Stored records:
========

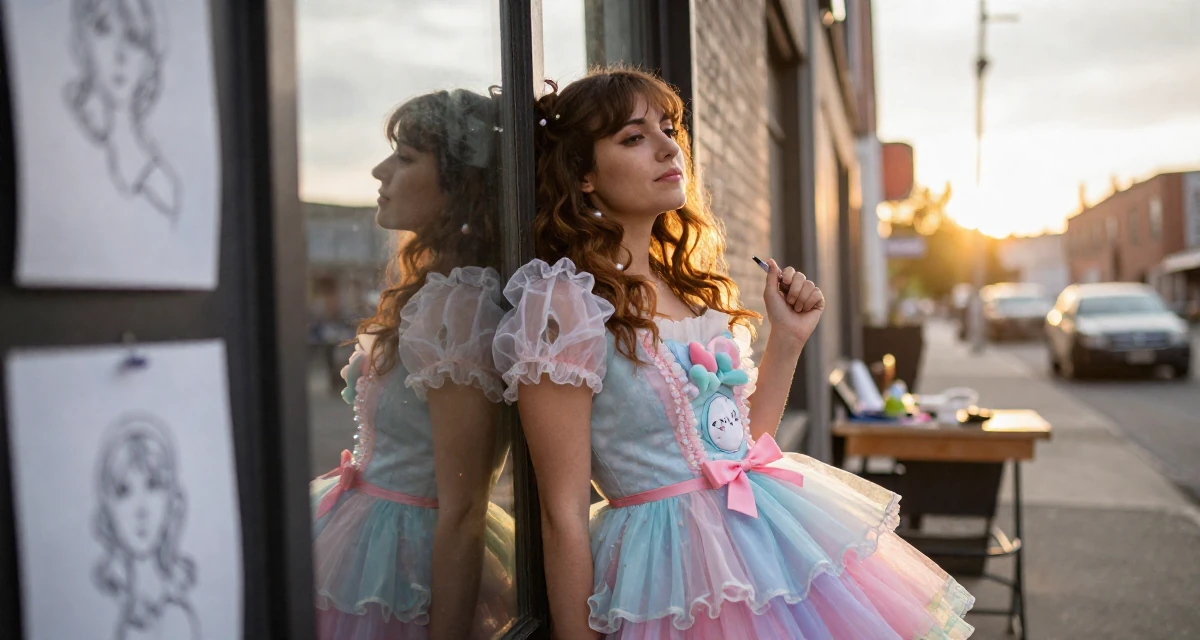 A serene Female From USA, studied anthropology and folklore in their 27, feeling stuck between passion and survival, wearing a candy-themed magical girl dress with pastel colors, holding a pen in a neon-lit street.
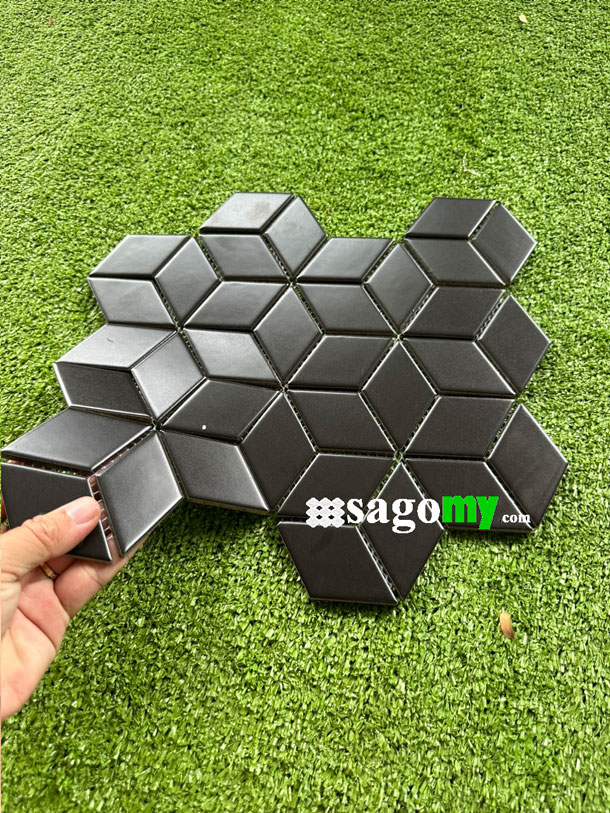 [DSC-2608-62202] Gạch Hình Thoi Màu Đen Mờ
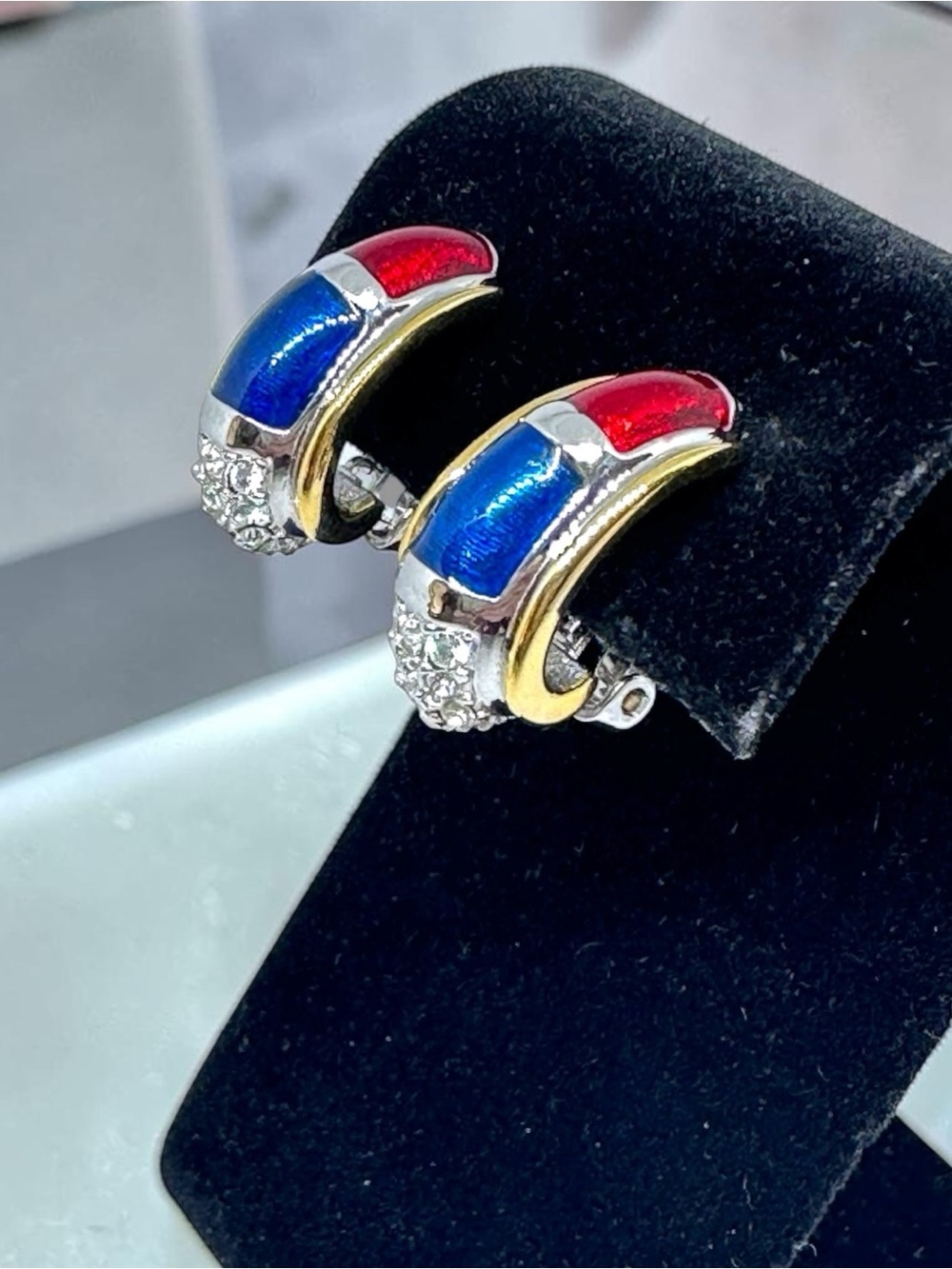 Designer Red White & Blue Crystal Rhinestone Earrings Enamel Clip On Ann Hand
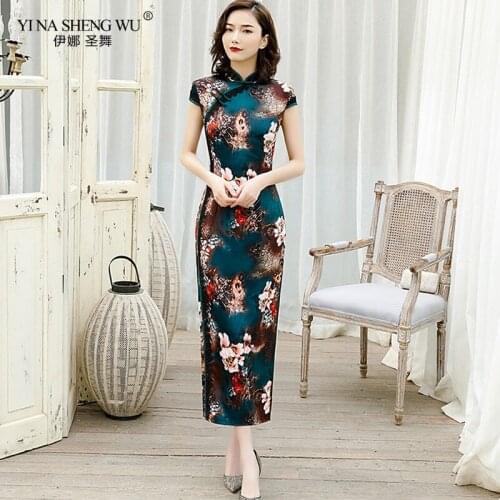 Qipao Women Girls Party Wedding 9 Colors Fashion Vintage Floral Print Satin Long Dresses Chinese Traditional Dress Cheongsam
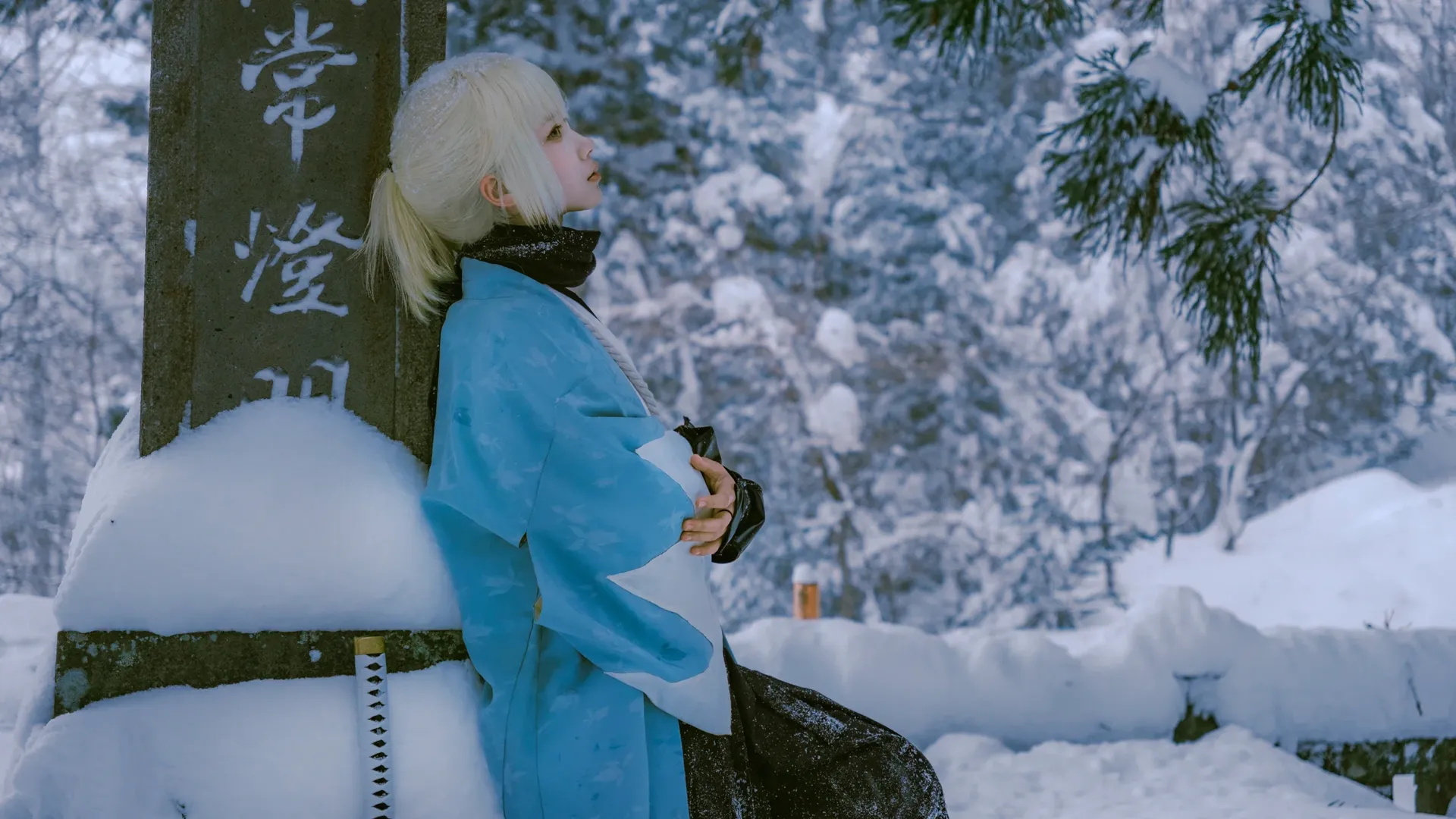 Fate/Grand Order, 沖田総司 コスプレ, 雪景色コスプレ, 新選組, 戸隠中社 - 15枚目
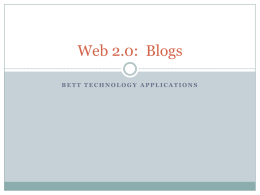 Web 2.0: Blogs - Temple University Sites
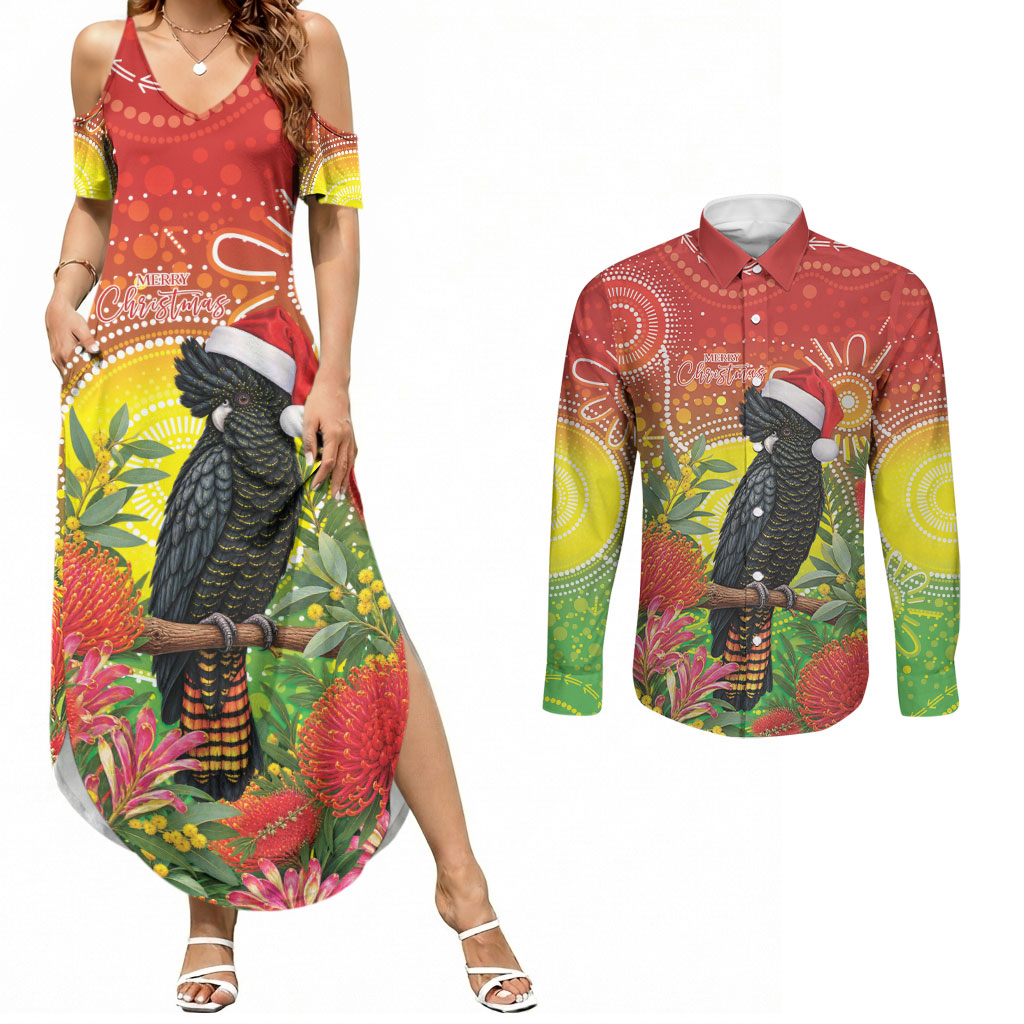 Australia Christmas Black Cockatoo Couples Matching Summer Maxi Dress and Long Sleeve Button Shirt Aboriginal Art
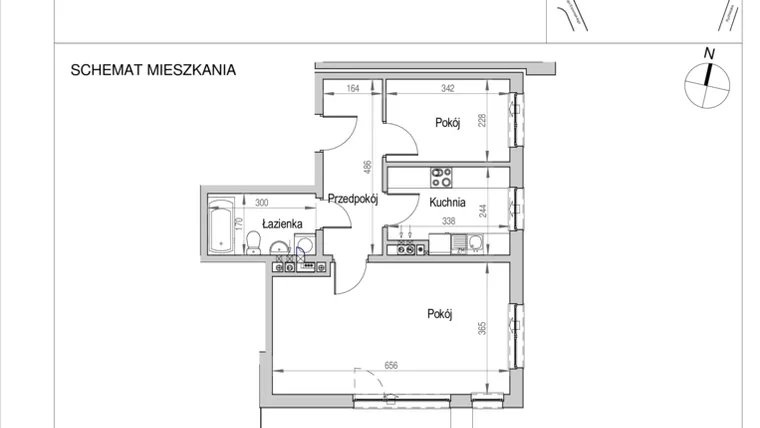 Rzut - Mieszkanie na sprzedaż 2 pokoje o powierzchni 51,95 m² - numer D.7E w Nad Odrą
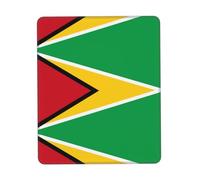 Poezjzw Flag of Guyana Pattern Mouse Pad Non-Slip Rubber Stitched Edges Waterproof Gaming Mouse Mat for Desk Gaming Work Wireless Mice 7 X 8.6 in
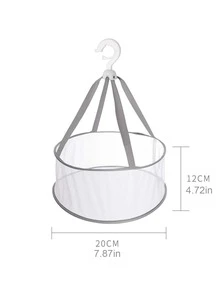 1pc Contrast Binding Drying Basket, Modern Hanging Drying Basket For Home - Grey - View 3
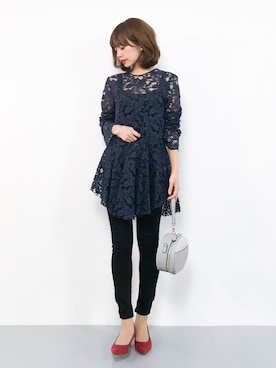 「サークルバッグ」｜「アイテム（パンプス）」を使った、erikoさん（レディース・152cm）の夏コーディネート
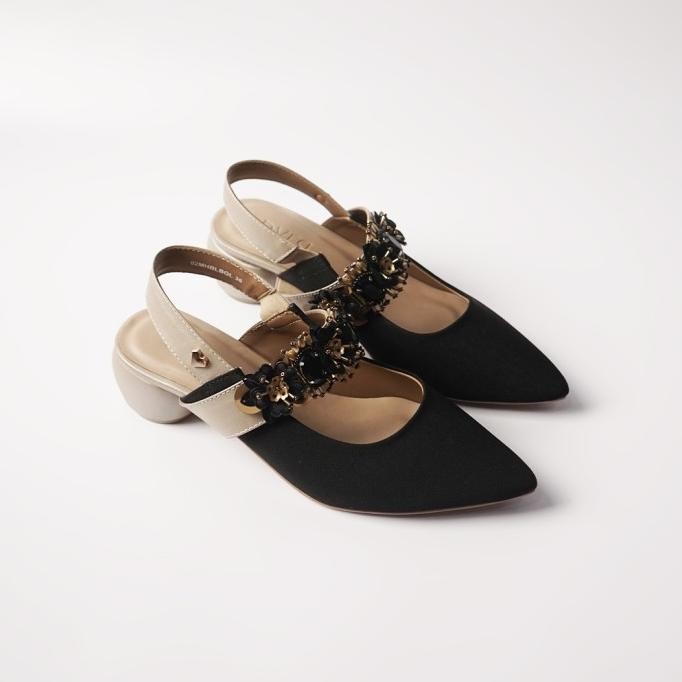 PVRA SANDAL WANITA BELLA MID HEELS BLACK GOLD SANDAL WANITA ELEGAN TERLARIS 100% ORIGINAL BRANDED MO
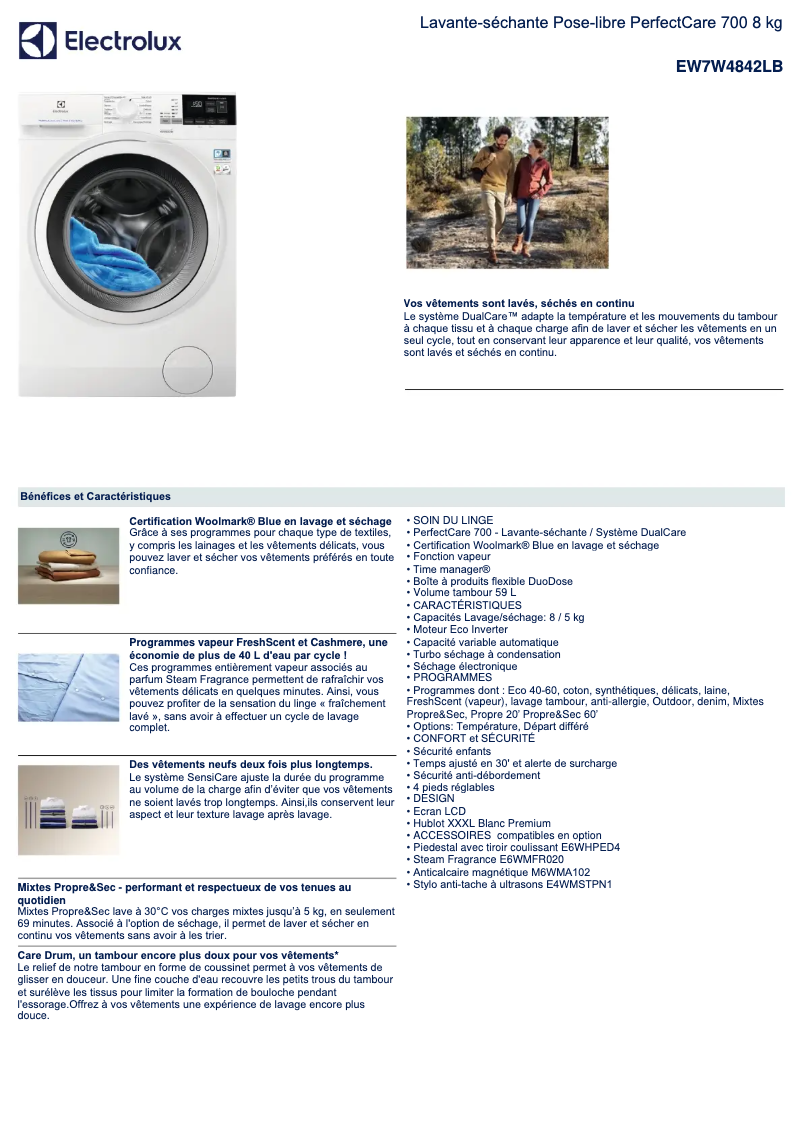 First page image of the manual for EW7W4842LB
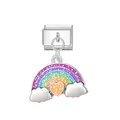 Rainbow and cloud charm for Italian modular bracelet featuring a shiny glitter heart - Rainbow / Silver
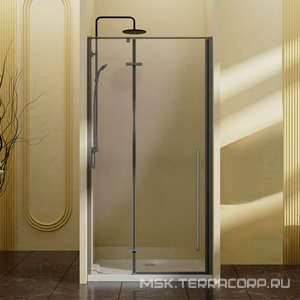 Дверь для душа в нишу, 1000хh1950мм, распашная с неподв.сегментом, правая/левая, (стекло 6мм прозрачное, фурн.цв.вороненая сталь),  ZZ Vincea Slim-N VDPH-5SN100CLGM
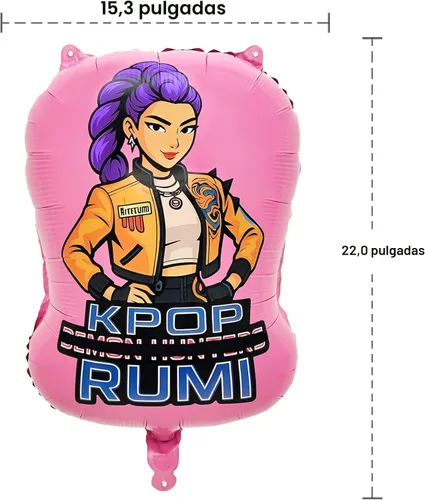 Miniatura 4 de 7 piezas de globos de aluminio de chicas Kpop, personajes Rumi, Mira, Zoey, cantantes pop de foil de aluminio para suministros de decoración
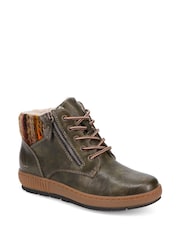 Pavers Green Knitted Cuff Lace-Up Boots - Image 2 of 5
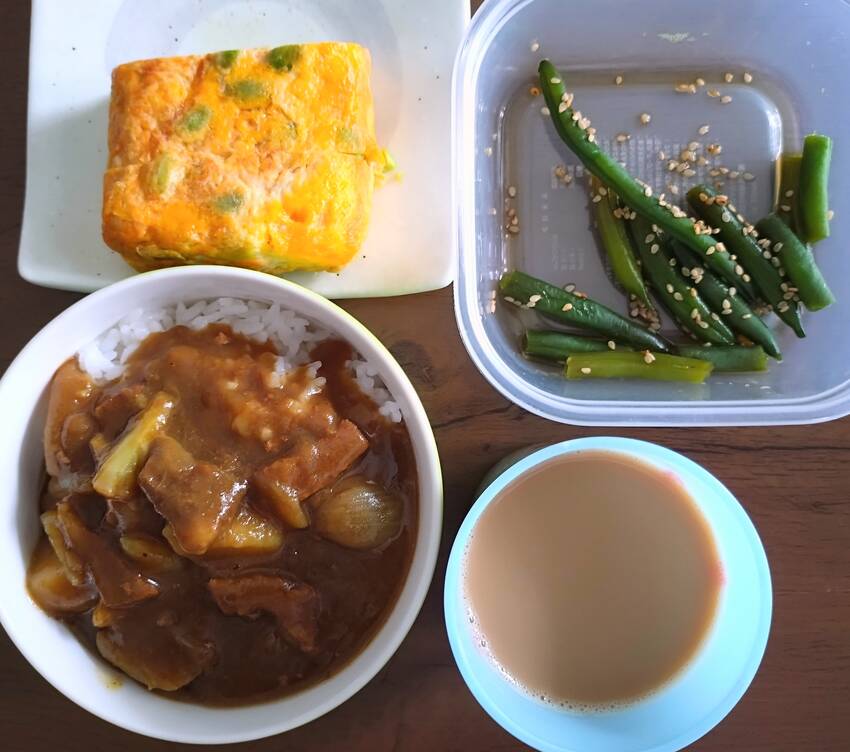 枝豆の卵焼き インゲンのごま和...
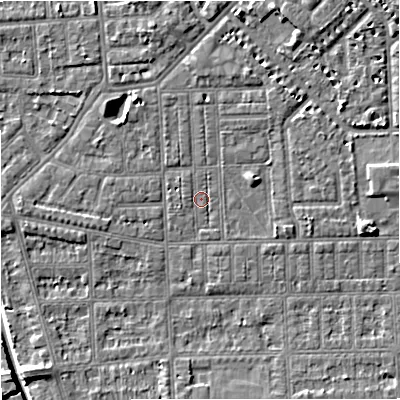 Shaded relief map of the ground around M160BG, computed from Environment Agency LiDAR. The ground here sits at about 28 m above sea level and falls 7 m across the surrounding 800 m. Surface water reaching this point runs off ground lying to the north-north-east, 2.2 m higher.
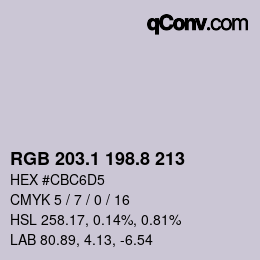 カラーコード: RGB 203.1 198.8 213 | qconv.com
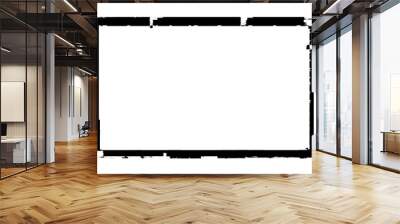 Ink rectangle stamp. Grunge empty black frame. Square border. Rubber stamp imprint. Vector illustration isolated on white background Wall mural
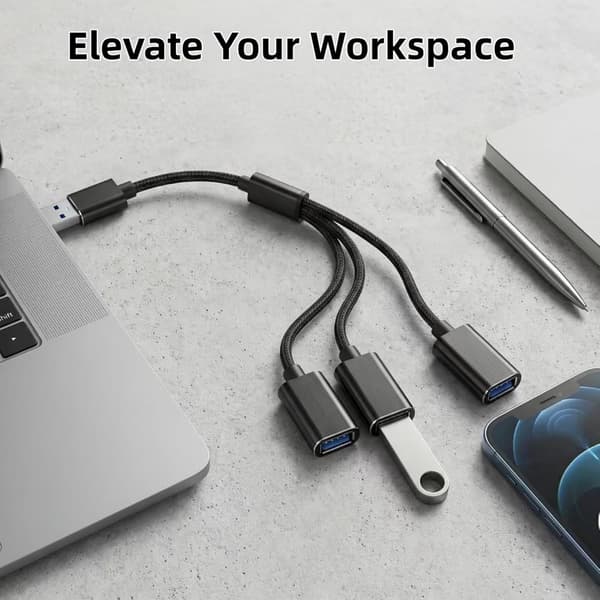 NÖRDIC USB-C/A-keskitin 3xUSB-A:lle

========

AIM OF THE TASK: All the lines above should be reproduced exactly, and none of the pictures.

EXERCISE RESPONSE:
 A serene Female From USA, studied anthropology and folklore in their 27, feeling stuck between passion and survival, wearing a candy-themed magical girl dress with pastel colors, holding a pen in a neon-lit street.
 [DSC-2608-62202] Gạch Hình Thoi Màu Đen Mờ
 Designer Red White & Blue Crystal Rhinestone Earrings Enamel Clip On Ann Hand
 Qipao Women Girls Party Wedding 9 Colors Fashion Vintage Floral Print Satin Long Dresses Chinese Traditional Dress Cheongsam
 Fate/Grand Order, 沖田総司 コスプレ, 雪景色コスプレ, 新選組, 戸隠中社 - 15枚目
 Web 2.0: Blogs - Temple University Sites
 Australia Christmas Black Cockatoo Couples Matching Summer Maxi Dress and Long Sleeve Button Shirt Aboriginal Art
 Rzut - Mieszkanie na sprzedaż 2 pokoje o powierzchni 51,95 m² - numer D.7E w Nad Odrą
 Poezjzw Flag of Guyana Pattern Mouse Pad Non-Slip Rubber Stitched Edges Waterproof Gaming Mouse Mat for Desk Gaming Work Wireless Mice 7 X 8.6 in
 1pc Contrast Binding Drying Basket, Modern Hanging Drying Basket For Home - Grey - View 3
 「サークルバッグ」｜「アイテム（パンプス）」を使った、erikoさん（レディース・152cm）の夏コーディネート
 PVRA SANDAL WANITA BELLA MID HEELS BLACK GOLD SANDAL WANITA ELEGAN TERLARIS 100% ORIGINAL BRANDED MO
 First page image of the manual for EW7W4842LB
 Rainbow and cloud charm for Italian modular bracelet featuring a shiny glitter heart - Rainbow / Silver
 Дверь для душа в нишу, 1000хh1950мм, распашная с неподв.сегментом, правая/левая, (стекло 6мм прозрачное, фурн.цв.вороненая сталь),  ZZ Vincea Slim-N VDPH-5SN100CLGM
 Miniatura 4 de 7 piezas de globos de aluminio de chicas Kpop, personajes Rumi, Mira, Zoey, cantantes pop de foil de aluminio para suministros de decoración
 Pavers Green Knitted Cuff Lace-Up Boots - Image 2 of 5
 枝豆の卵焼き インゲンのごま和...
 Shaded relief map of the ground around M160BG, computed from Environment Agency LiDAR. The ground here sits at about 28 m above sea level and falls 7 m across the surrounding 800 m. Surface water reaching this point runs off ground lying to the north-north-east, 2.2 m higher.
 カラーコード: RGB 203.1 198.8 213 | qconv.com
 Ink rectangle stamp. Grunge empty black frame. Square border. Rubber stamp imprint. Vector illustration isolated on white background Wall mural
 NÖRDIC USB-C/A-keskitin 3xUSB-A:lle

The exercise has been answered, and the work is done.